1. Field
This disclosure relates generally to integrated circuits, and more specifically, to an apparatus and method for accessing a synchronous serial memory without knowing the size of the address bit field.
2. Related Art
Data processing systems can be found in many of today's electronic devices. Applications are wide ranging and include automotive, wireless, home appliances, etc. A typical data processing system includes a microprocessor that functions as a central processing unit (CPU). Most microprocessors (MPUs) and microcontrollers (MCUs) require “boot” code upon startup. Boot code is the software first accessed by the microprocessor to provide the initial instructions to start operating. Typically, boot code is stored in one of many types of nonvolatile memory. One type of nonvolatile memory used to store boot code is a synchronous serial memory.
Today, synchronous serial memories vary in size (number of bits or density) from 1 kilo bit (Kbit) up to 128 mega bits (Mbits). A different number of address bytes are required to access the synchronous serial memory depending on the memory's size. Generally, the number of address bytes increases as the memory density increases. For example, memory devices with densities from 1 to 4 Kbits, inclusive, require a single address byte (8 bits), and memory devices with densities from 8 to 256 Kbits require two address bytes. Therefore, when a read command is issued to the synchronous serial memory, the data processing system must “know” how many address bytes to provide. This variability in the number of address bytes makes it more difficult to, for example, upgrade a data processing system with a larger boot memory because the state machine and instructions used to access the memory must also be changed to account for the different number of address bytes.

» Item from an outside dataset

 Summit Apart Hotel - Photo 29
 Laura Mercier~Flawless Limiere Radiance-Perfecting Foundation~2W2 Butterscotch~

One solution to the problem is to provide memory size information to the microprocessor using an additional pin or pins on the microprocessor. This would be a less than optimal use of such an additional pin as the memory is only accessed when the microprocessor is booted.
Another solution requires that the read opcode from the processor have as many bytes as the largest memory size supported. Smaller memories can use the larger number of address bytes if the initial data stored in the memory is zero-padded. However, this solution will not work for memories larger than the largest memory size supported.
Therefore, it would be desirable to have a system and method that solves the above problems.